> Task directions
Each record below is to be retyped exactly, with its pictures omitted.

> Short web captions

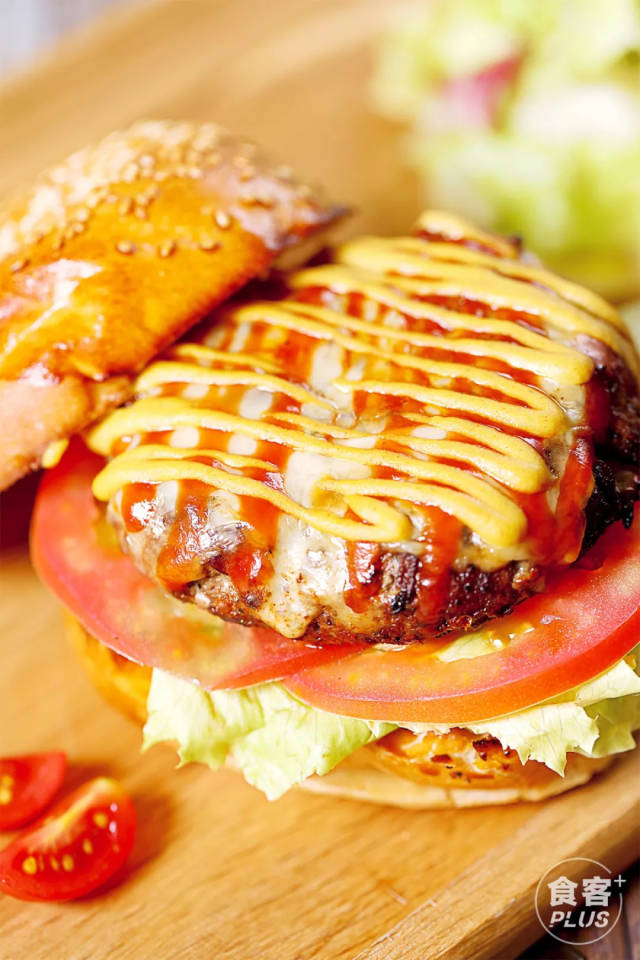超厚厚厚的牛肉汉堡,挤上黄芥末酱和番茄酱,这色彩搭配就让人食欲大开
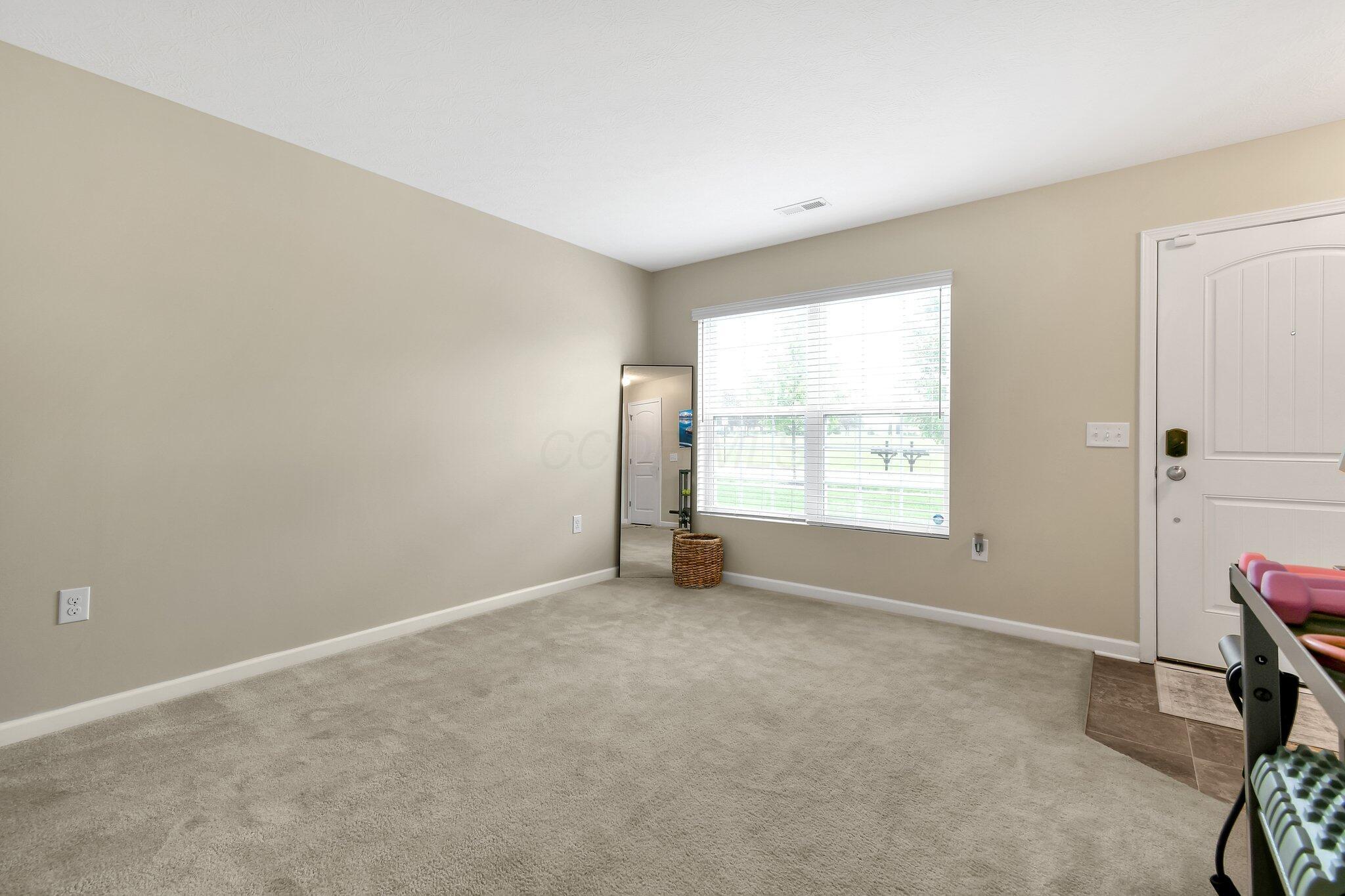 389 Laurel Creek Street, Pickerington, Ohio image 6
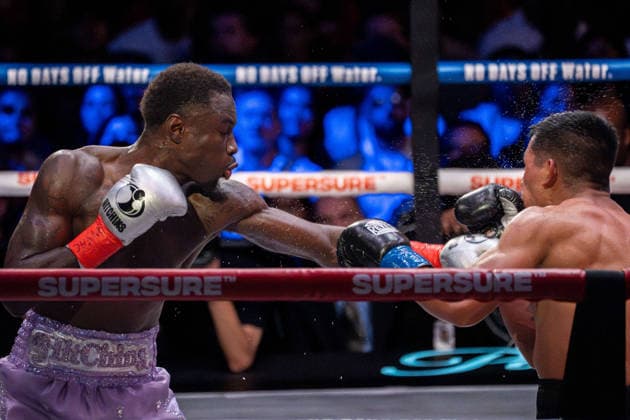 July 26, 2026, New York, New York, USA: RICHARDSON HITCHINS (purple trunks) battles RICARDO SALAS in a welterweight bout at Madison Square Garden in New York, New York. New York USA - ZUMAp109 20260726_zaf_p109_005 Copyright: xJoelxPlummerx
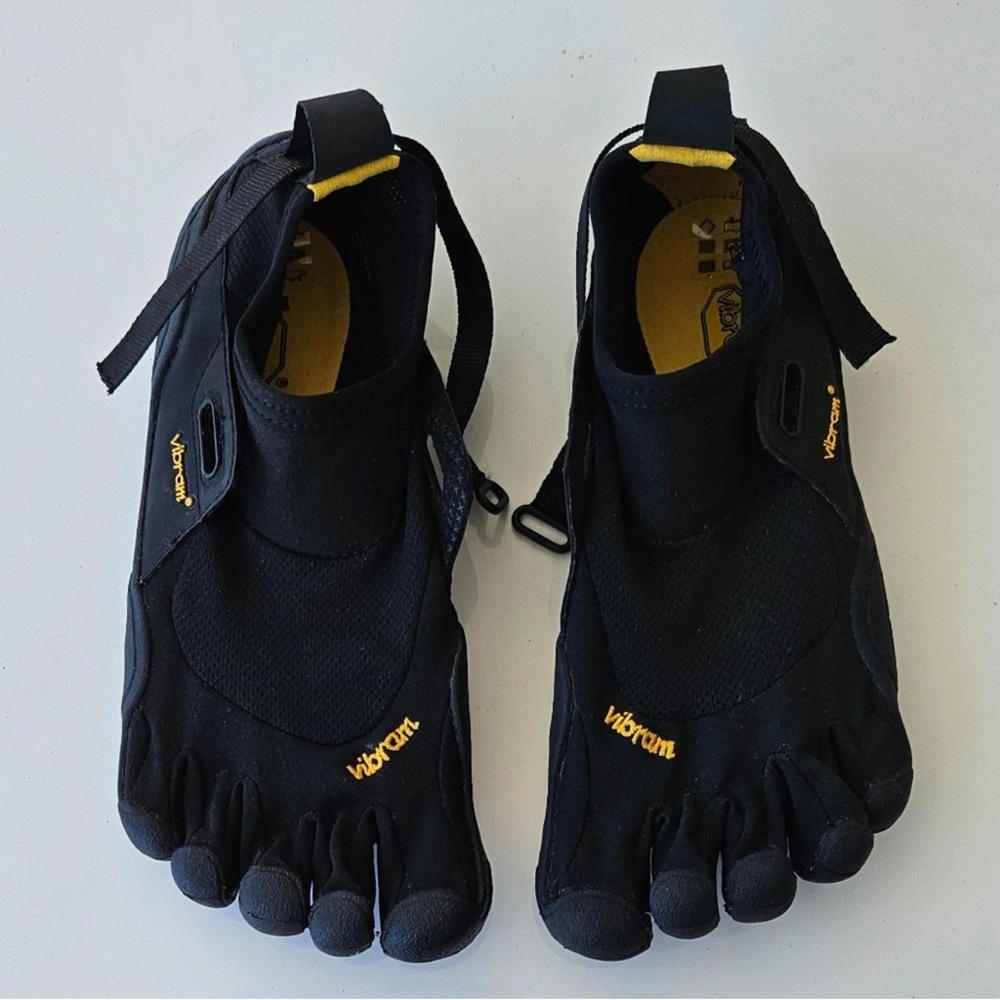 Vibram Black and Yellow Toe Shoes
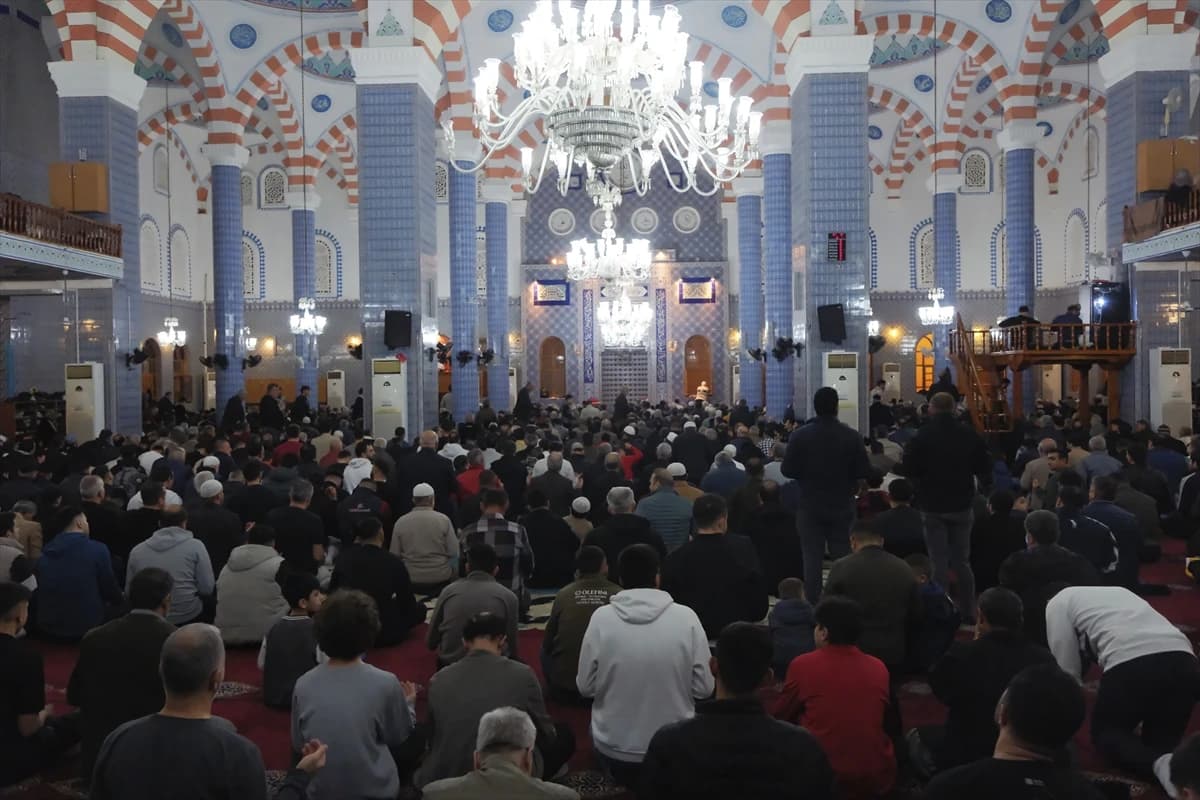 Yurt genelinde Kadir Gecesi idrak edildi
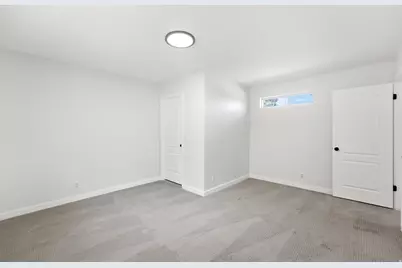 2744 E Woodhampton Cir, Sandy, UT 84092 - Photo 53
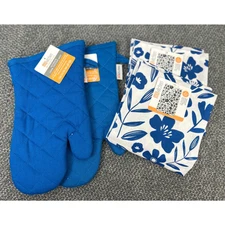 MU Kitchen 1Pair Oven Mitts 2 Towels Potholder Blue Floral Terry Lined Set Gift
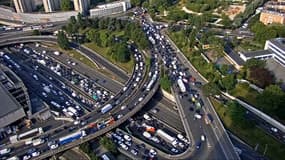 Porte de Bagnolet, le périphérique est fermé à la circulation ce lundi matin.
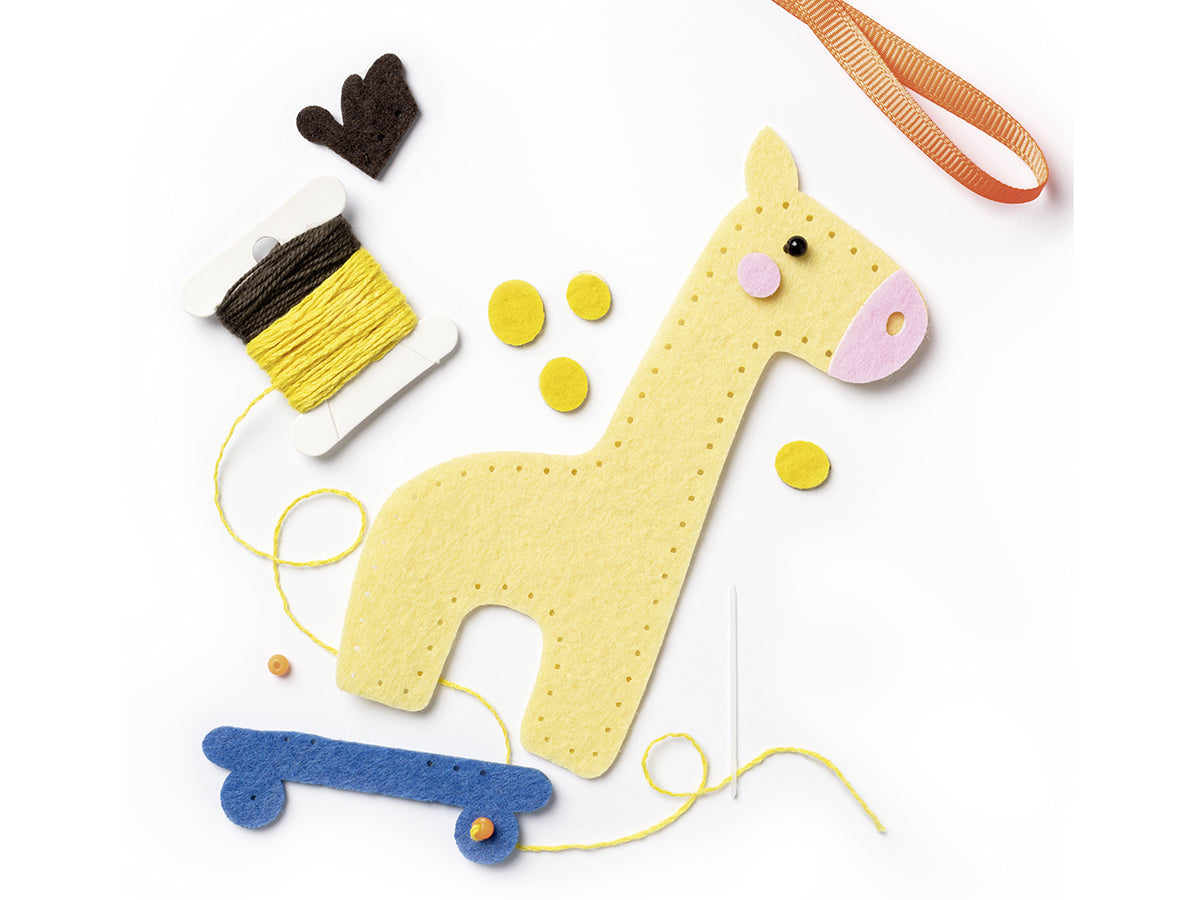 achat Mini kit de couture de feutrine Filzinies - 13 pièces
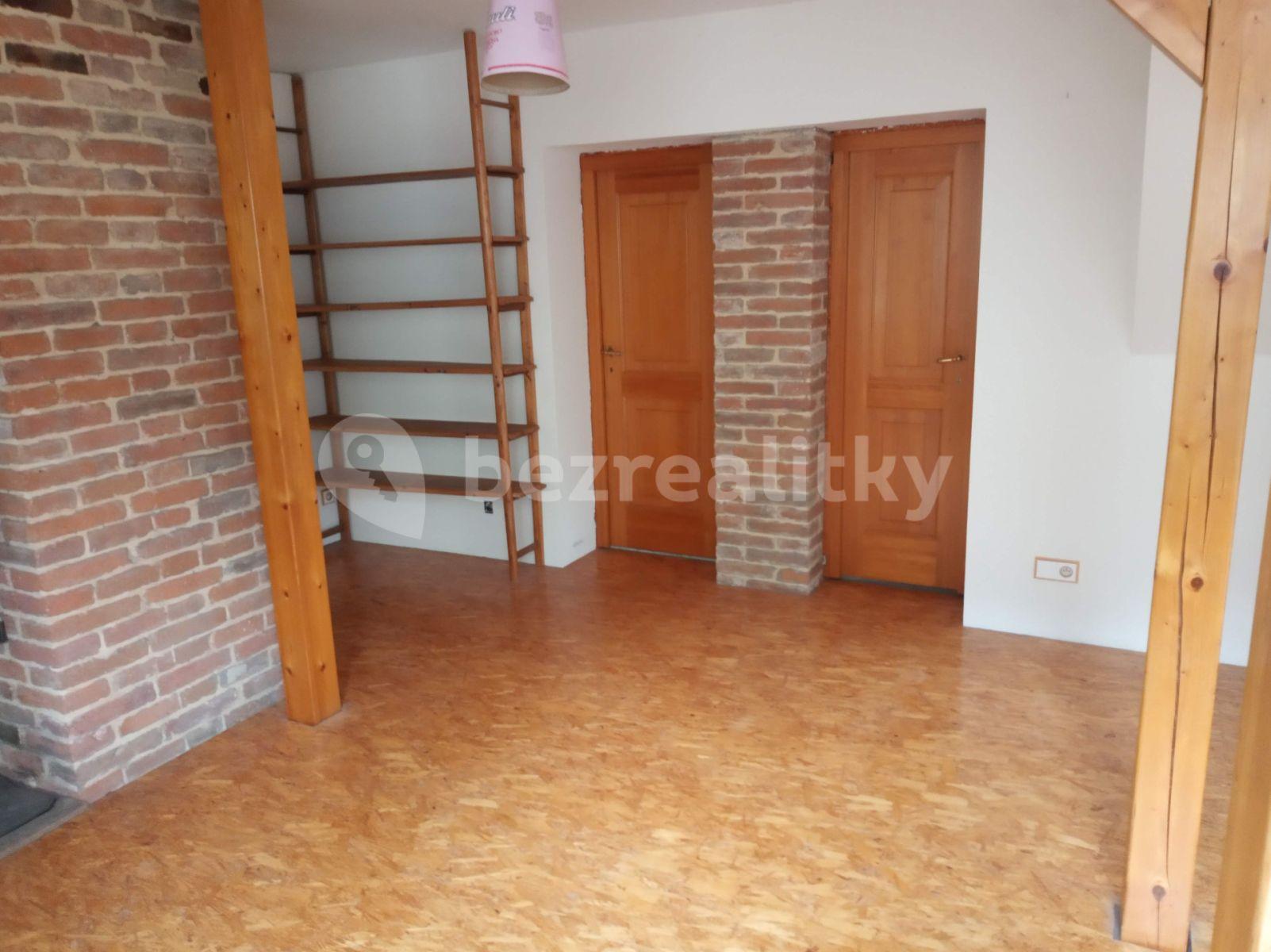 Prodej domu 137 m², pozemek 700 m², Číčovice, Středočeský kraj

> Solution
超厚厚厚的牛肉汉堡,挤上黄芥末酱和番茄酱,这色彩搭配就让人食欲大开
 389 Laurel Creek Street, Pickerington, Ohio image 6
 July 26, 2026, New York, New York, USA: RICHARDSON HITCHINS (purple trunks) battles RICARDO SALAS in a welterweight bout at Madison Square Garden in New York, New York. New York USA - ZUMAp109 20260726_zaf_p109_005 Copyright: xJoelxPlummerx
 Vibram Black and Yellow Toe Shoes
 Yurt genelinde Kadir Gecesi idrak edildi
 2744 E Woodhampton Cir, Sandy, UT 84092 - Photo 53
 MU Kitchen 1Pair Oven Mitts 2 Towels Potholder Blue Floral Terry Lined Set Gift
 Porte de Bagnolet, le périphérique est fermé à la circulation ce lundi matin.
 achat Mini kit de couture de feutrine Filzinies - 13 pièces
 Prodej domu 137 m², pozemek 700 m², Číčovice, Středočeský kraj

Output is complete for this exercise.